The Supreme Court also rejected the government’s appeal in the case of a man referred to as G, who was arrested at the age of 13 for allegedly sexually assaulting two younger boys.

Judges said police records show the activity was consensual sexual experimentation that happened as a result of “dares”, but the man lost his job as a college library assistant after employers demanded an enhanced criminal records check.

The system was also found to be unlawful for Lorraine Gallagher, who was fined for driving and carrying a child without a seatbelt in the 1990s and had a job offer as a social carer revoked as a result.

However, judges allowed the appeal in relation to a man referred to as W, who had a conviction for assault during an after-school fight for which he was given a two-year conditional discharge.

The Court of Appeal previously found the system violated human rights laws in 2017 but that judgment was challenged by the home and justice secretaries and went to the Supreme Court.
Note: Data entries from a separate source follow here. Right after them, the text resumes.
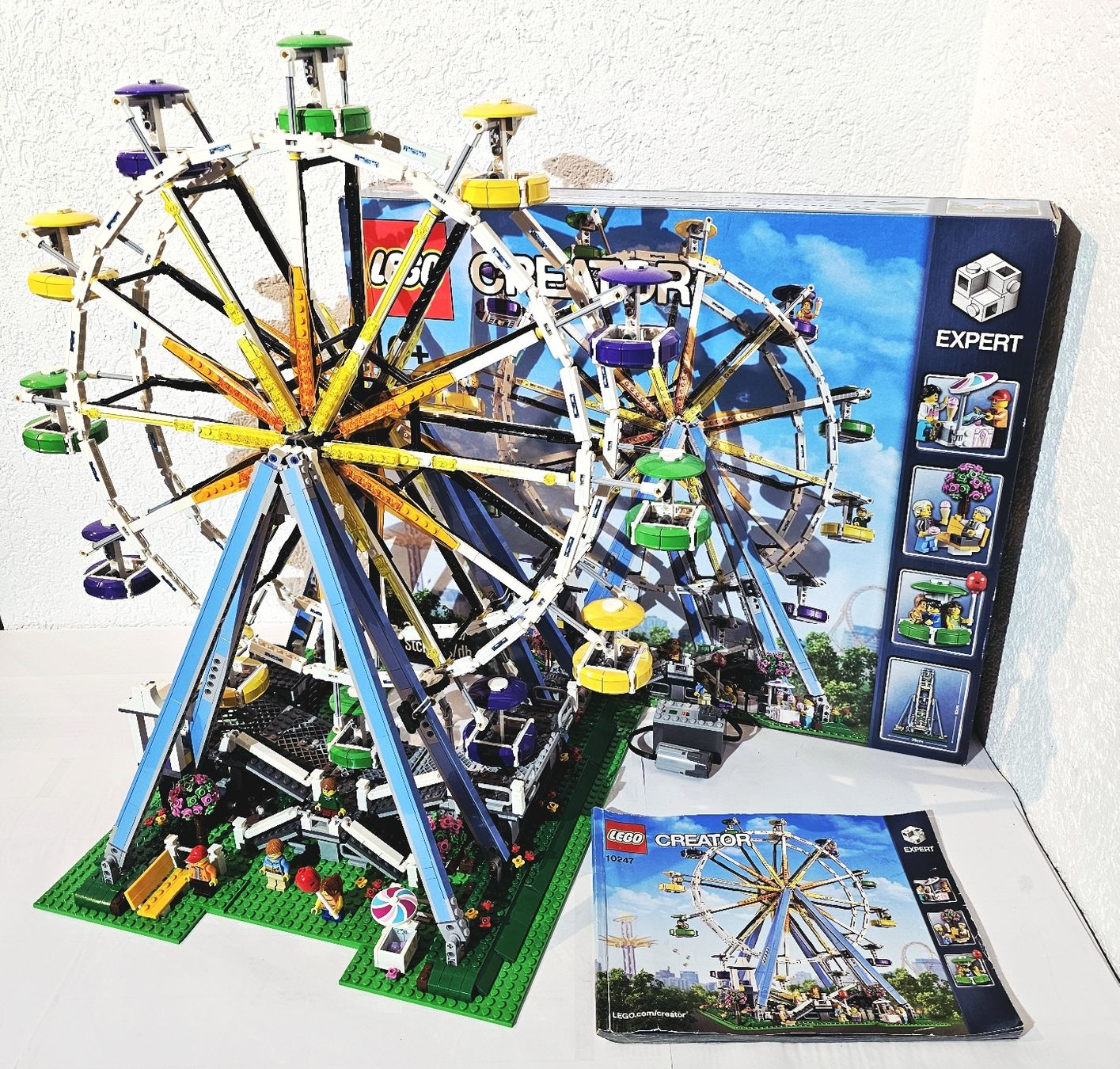 Lego Kit di costruzioni: LEGO CREATOR EXPERT 10247 RIESENRAD MIT OVP – Usato da Turbenthal venduto da Ddanuh 4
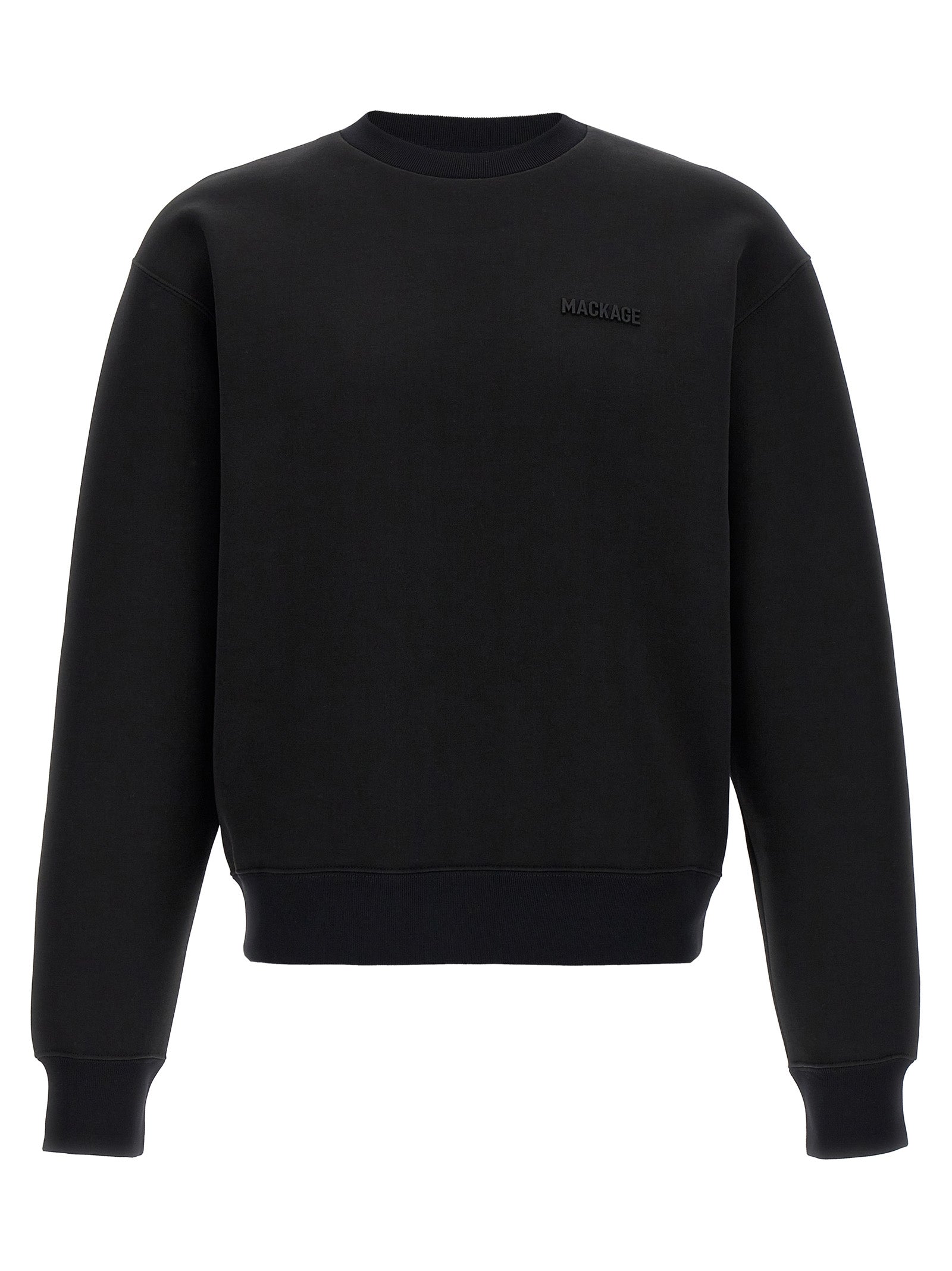 Mackage Black Cotton Sweatshirt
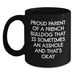 French Bulldog Gifts Funny Quote Black Coffee Mug for French Bulldog Lover Friends Family - Proud Parent Gifts from Men Women - Main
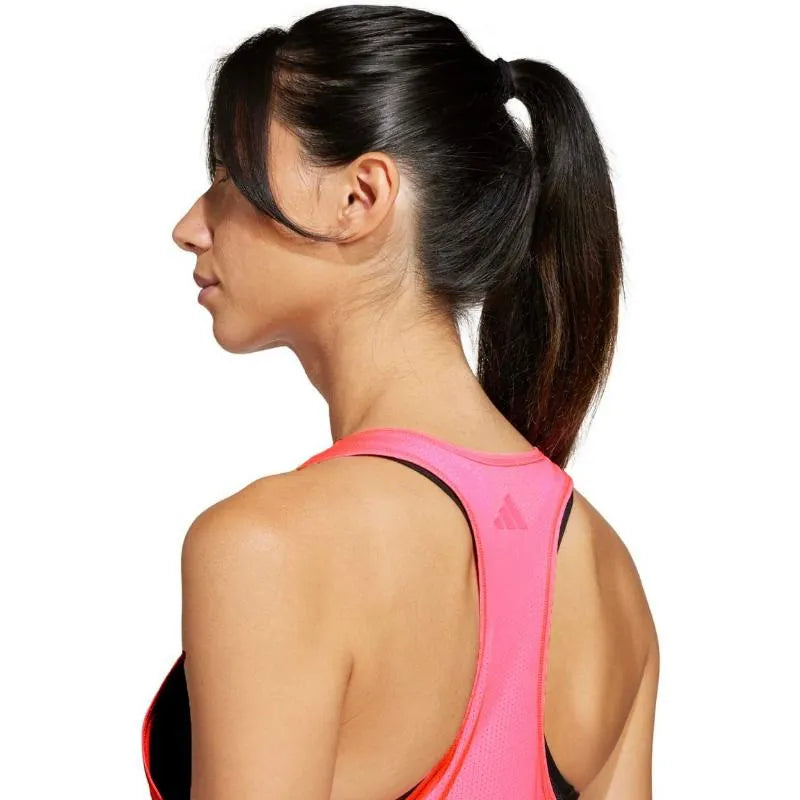 Adidas T-shirt Club V Rose Femme - vue 5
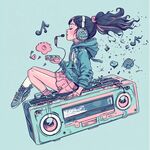 嘻哈插画潮流插画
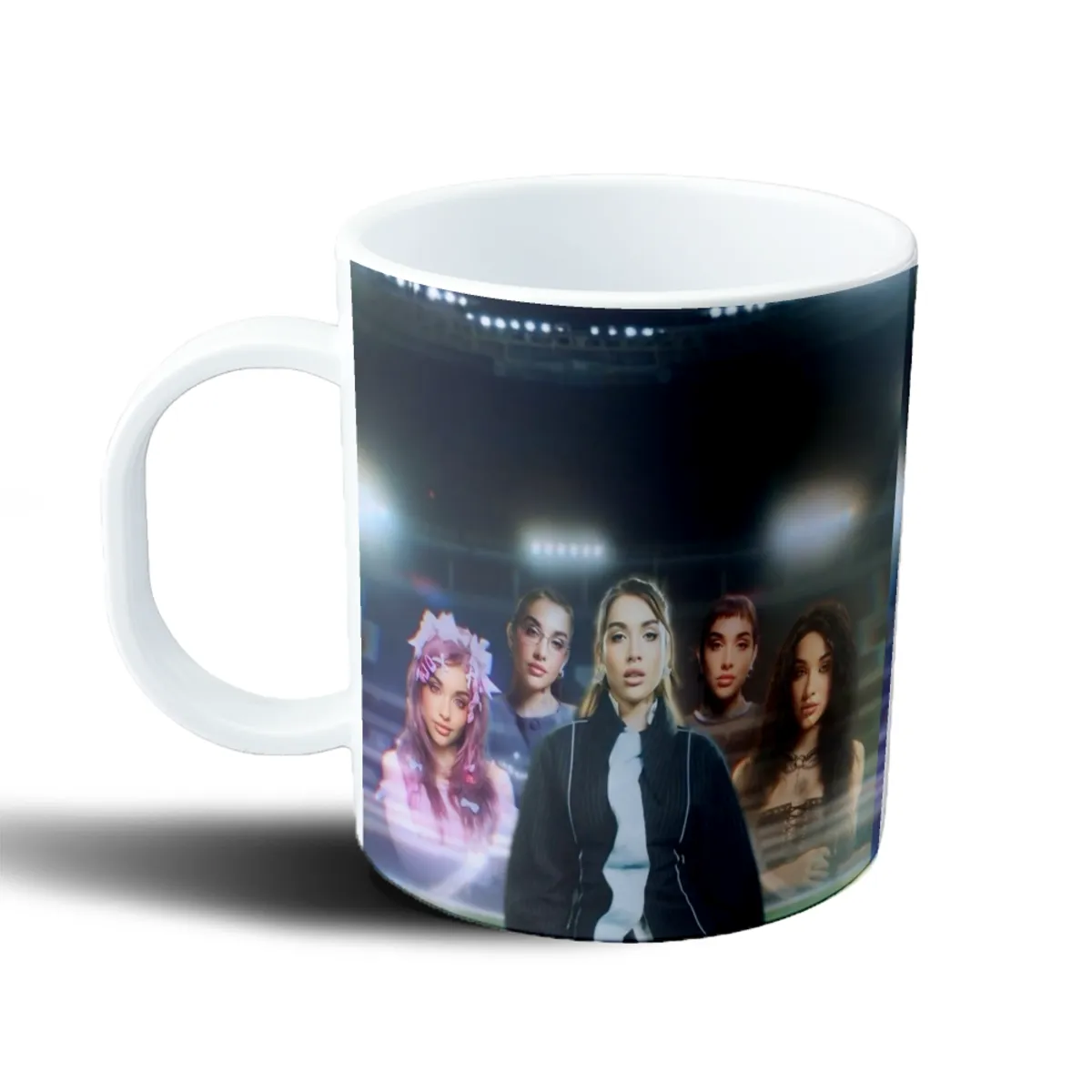 Taza de Plástico Maria Becerra Collage Cinco Looks - vista 2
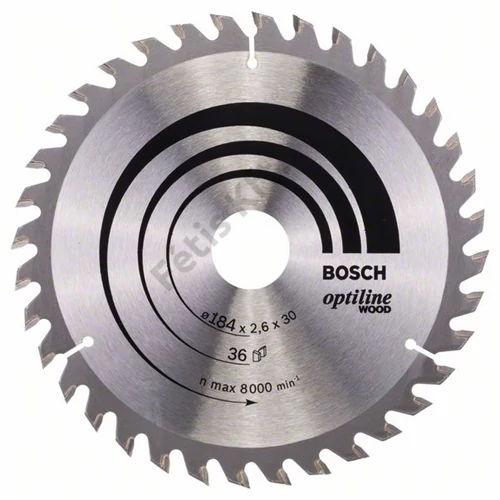 Bosch körfűrészlap 184x30/36 Optiline Wood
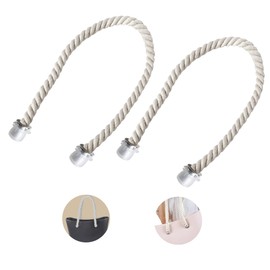 O Bag Long Handles for Canvas Bag - Handbag Accessories Women - Obag Accessories - Light Khaki Classic Rope Handle, White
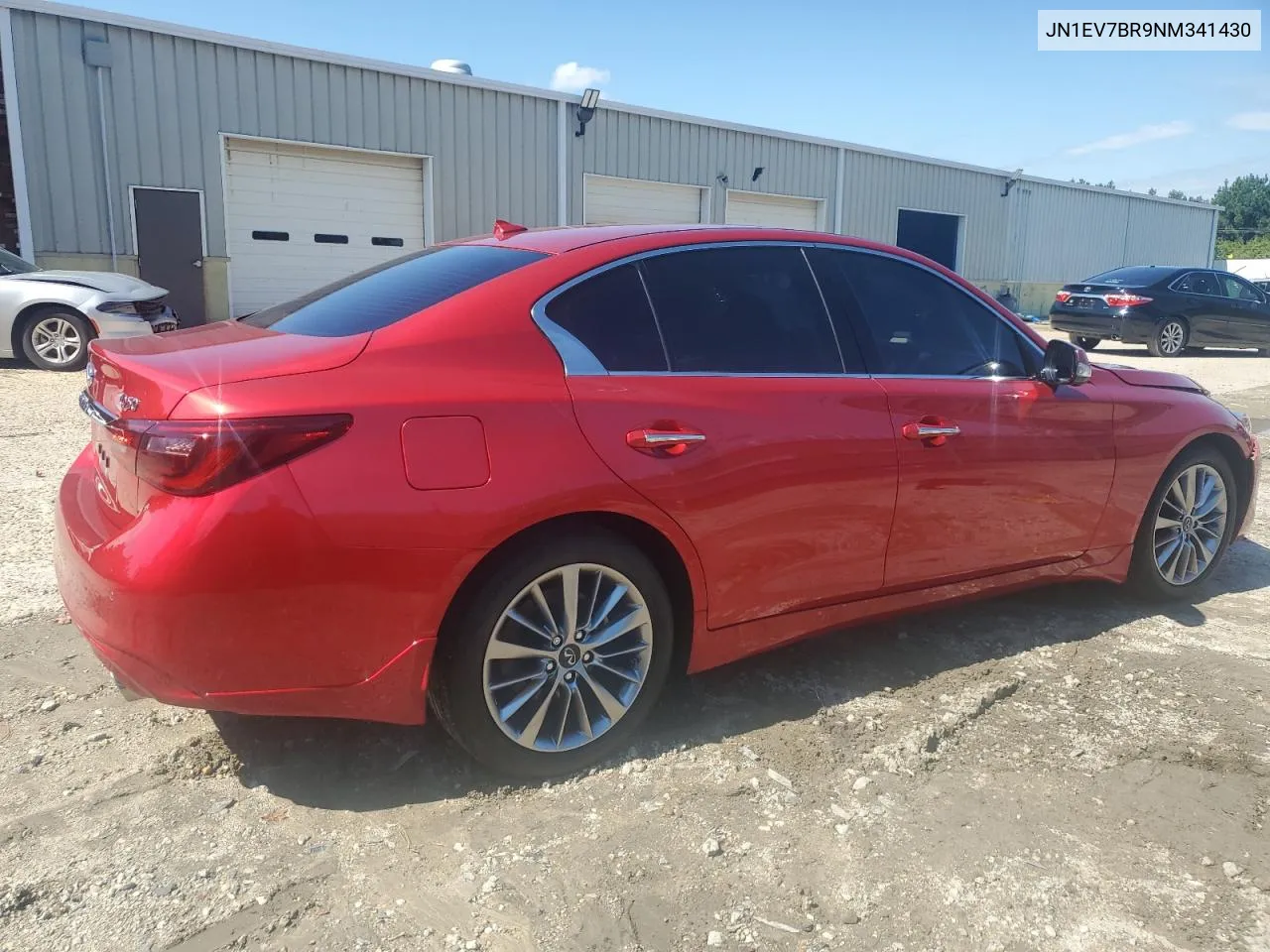 2022 Infiniti Q50 Luxe VIN: JN1EV7BR9NM341430 Lot: 71809634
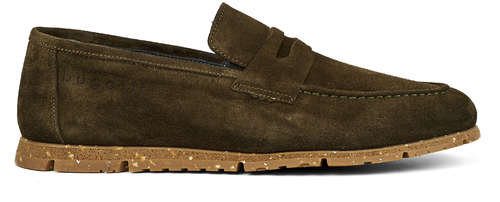 Мужские мокасины Bugatti, хаки / 12736567 - вид 2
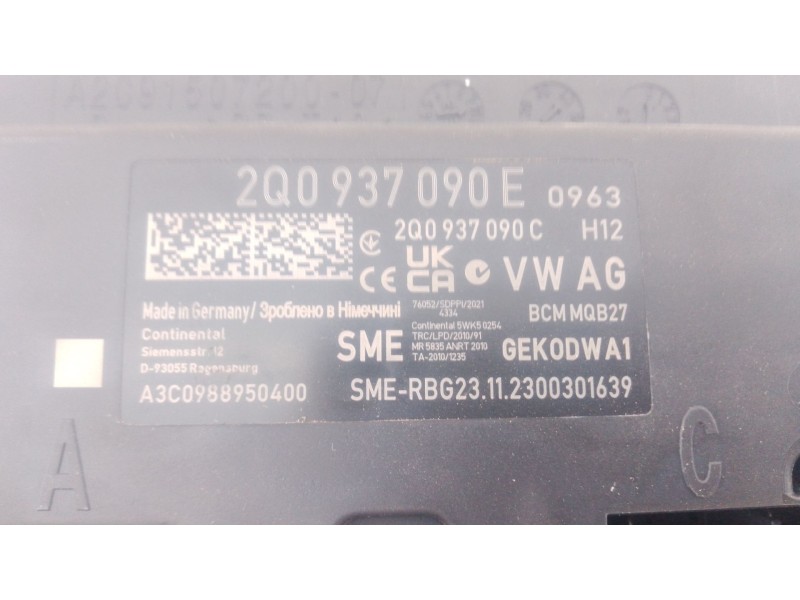 Recambio de modulo electronico para seat arona (kj7, kjp) 1.0 tsi referencia OEM IAM   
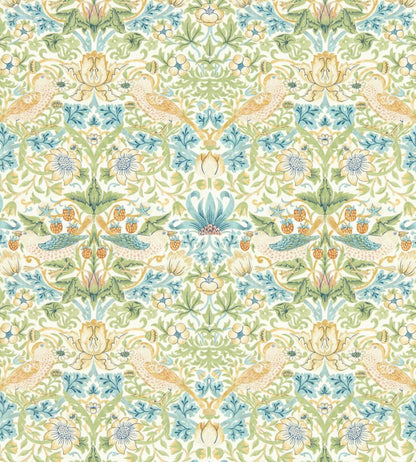 Strawberry Thief Wallpaper by Clarke & Clarke Apple/Blush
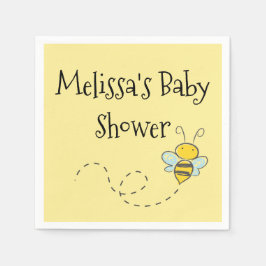 Personalisiert Honey Bee Baby Dusche Serviette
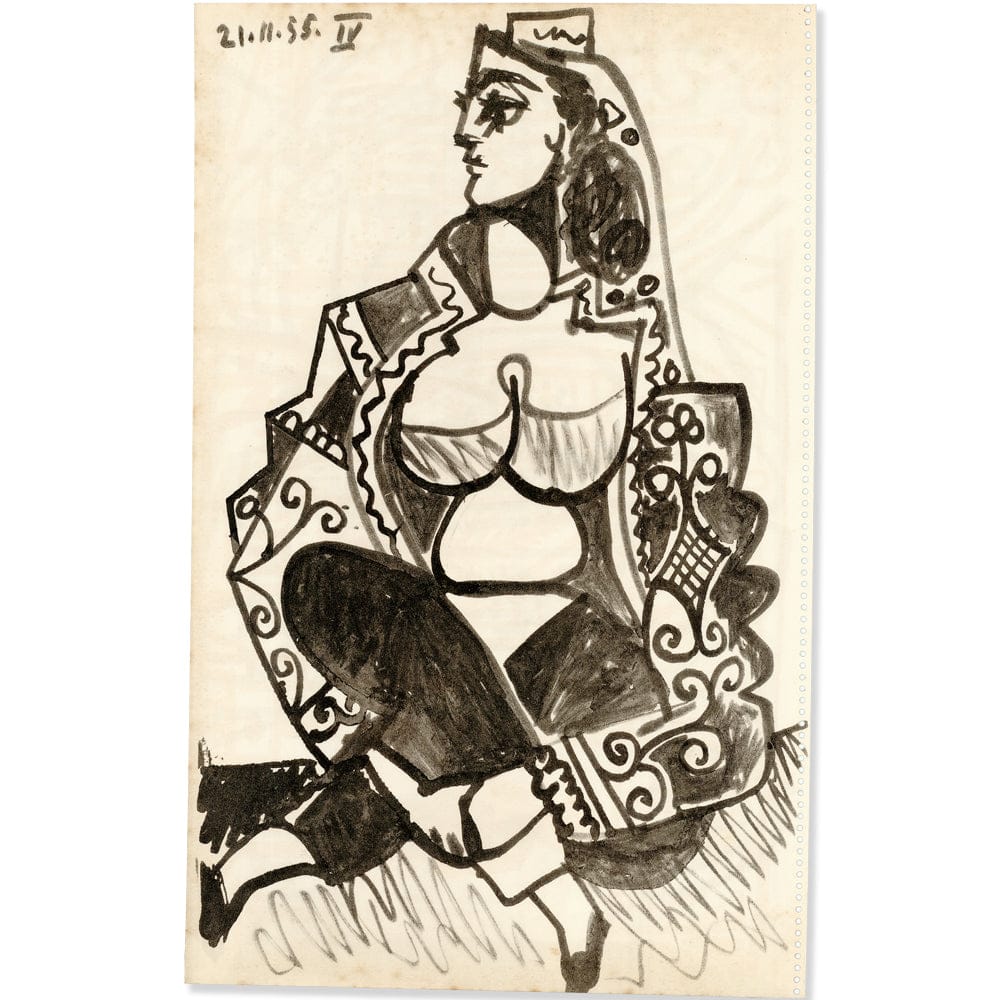Picasso: Odalisque IV 21.11.55, Carnet de la Californie Art G S Pawn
Judges found the extent of disclosed records was “not in accordance with the law” within the meaning of article eight of the European Convention on Human Rights (ECHR), which protects the right to private life.

At the time, the decision was hailed as a landmark that gave hope to many whose ambitions are said to have been dashed by mistakes in their past.

The children’s charity Just for Kids Law said Wednesday’s ruling “could benefit thousands of children issued with youth cautions every year”.

Enver Solomon, chief executive of Just for Kids Law, added: “This judgment makes clear that the disclosure of reprimands and cautions, the legal equivalent of a slap on the wrist, is disproportionate and damaging to the future rehabilitation of children, preventing them from moving on from their past.”

Christopher Stacey, co-director of Unlock, which intervened in the case, urged the government to “commit to carrying out a fundamental review of the wider criminal records disclosure regime”.